ФОРМАЛИЗМ РЕШЕНИЯ ПЕРВОЙ ЗАДАЧИ ДИНАМИКИ ШАГАЮЩИХ И КОЛЕСНО-ШАГАЮЩИХ МАШИН

Abstract

The aim is to solve the first problem of the dynamics of machines moving their bodies with the help of legs, i.e., to calculate the control actions of the leg actuators that provide the given dynamics of the absolute motion of the body and satisfy the constraints, when fulfilled, there is no sliding of the supporting legs relative to the supporting surface. The research methods are related to system analysis, mechanics of body systems and robotics. We consider walking and wheel-walking machines with legs suspended from the body, in which the last kinematic pair is translational, there is no controlled foot, and the foot and the supporting surface interact at a single point. The resultsof the study contain analytical formulas for calculating dynamic reactions at the points of contact between the legs and the supporting surface, as well as driving forces and moments of forces in the drives of the supporting and carrying legs, providing a given motion of the body relative to the supporting surface, as well as its corresponding relative motion of the bodies of the supporting legs. A formalism for solving such problems is described, based on inverse vector recurrence formulas for calculating forces and moments of forces of dynamic reactions in kinematic pairs of tree-like systems of bodies with closure of the last body of the branch on the supporting surface.
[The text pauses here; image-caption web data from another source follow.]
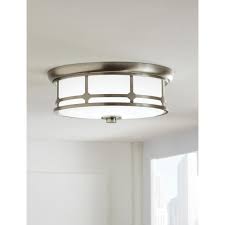 Home Decorators Collection Portland Court 14 In Brushed Nickel Led Flush Mount Ceiling Light 23952 The Home Depot Flush Mount Ceiling Lights Kitchens Flush Mount Ceiling Lights Led Flush Mount Ceiling Light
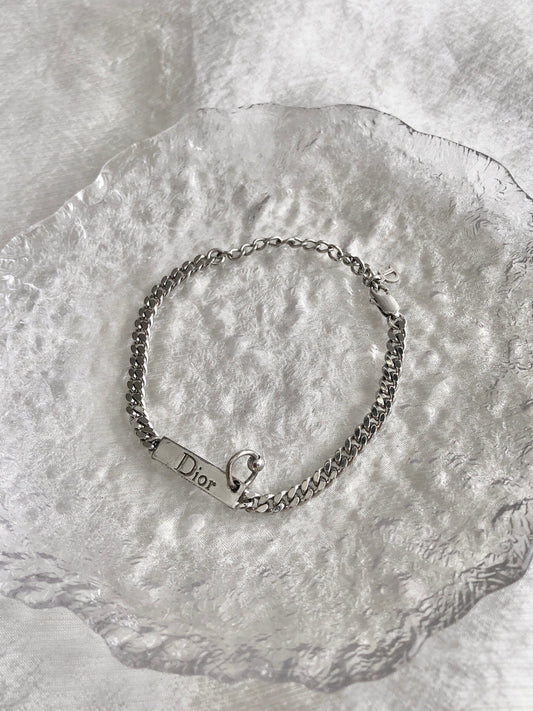 Christian Dior Logo Bracelet Silver Vintage 5ysiv3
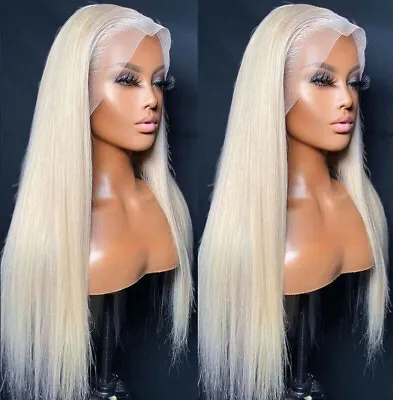 US 24 Inch Synthetic Hair Lace Front Wigs Women Straight Platinum Blonde Natural • $24.57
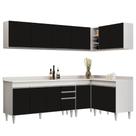 Armário de Cozinha Modulado de Canto 6 Peças CP32 Balcão com Tampo Branco/Preto - Lumil
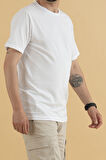 Souris Reynard Slim Fit Erkek Basic T-Shirt Beyaz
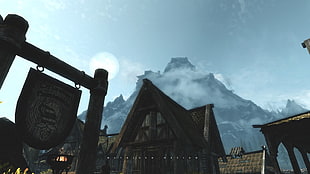 The Elder Scrolls V: Skyrim, mountains, landscape, villages HD wallpaper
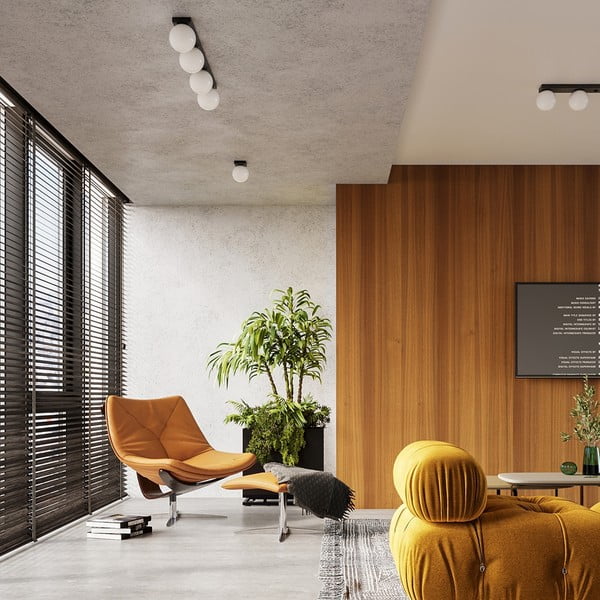 Melna griestu lampa ar stikla abažūru ø 12 cm Umerta – Sollux-image-3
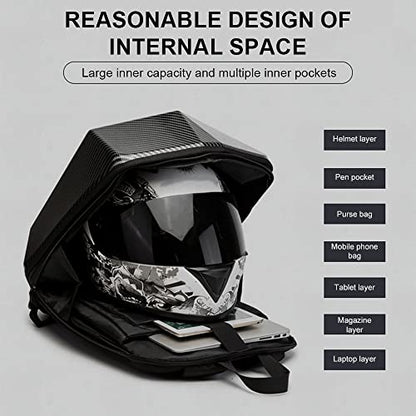 Motorcycle Backpack for Men Waterproof Carbon Fiber Motorbike Helmet Backpack Expandable Rear Seat Bag Moto Travel Luggage (carbon black) - color: Carbon Black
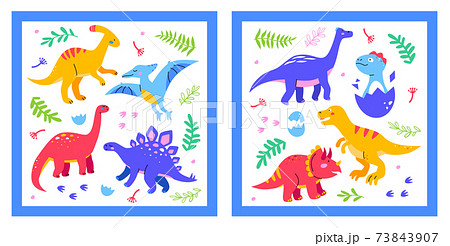 Different dinosaurs - set of flat design style illustrations 73843907
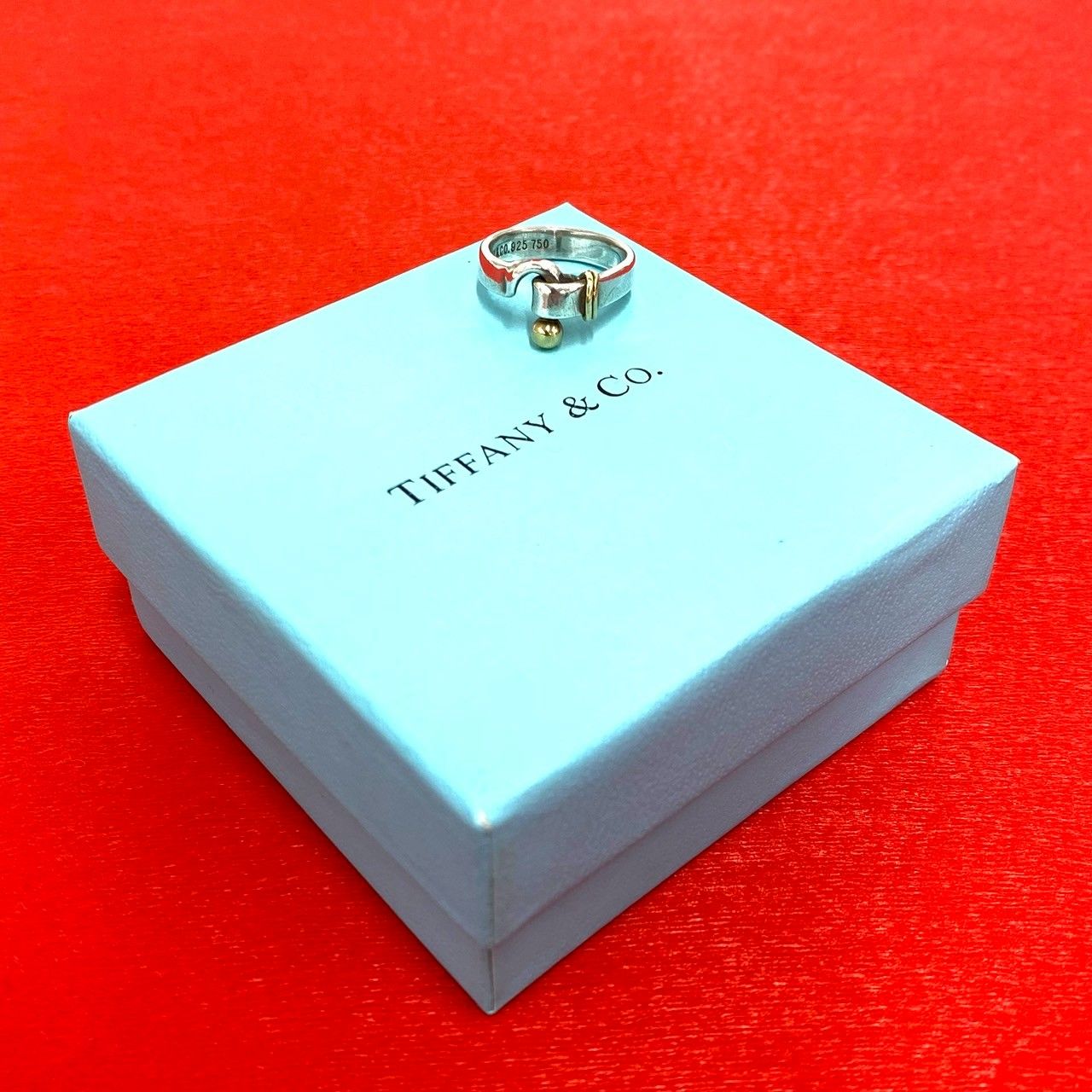 極 美品 TIFFANY&Co. ティファニー ラブノット リング フック＆アイ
This formalism is extended to wheeled, wheel-walking and walking machines, which is demonstrated by appropriate examples. Analytical conditions for realizing a step without slipping of the support legs relative to the support surface are written down. Two simple wheel-walking machines, consisting of a linear electric drive and a driven (passive) wheelset, are proposed for the experimental determination of sliding and rolling friction coefficient values. In analytical forms of deduced calculation formulas (equations and inequalities) the structural, geometric, inertial and kinematic parameters of the investigated machines are explicitly expressed. The proposed formalism is demonstrated on the solutions of four problems from simple to complex through the reuse of formulas. Conclusion. The obtained mathematical models can be used in the processes of calculation and design of similar machines and their layouts.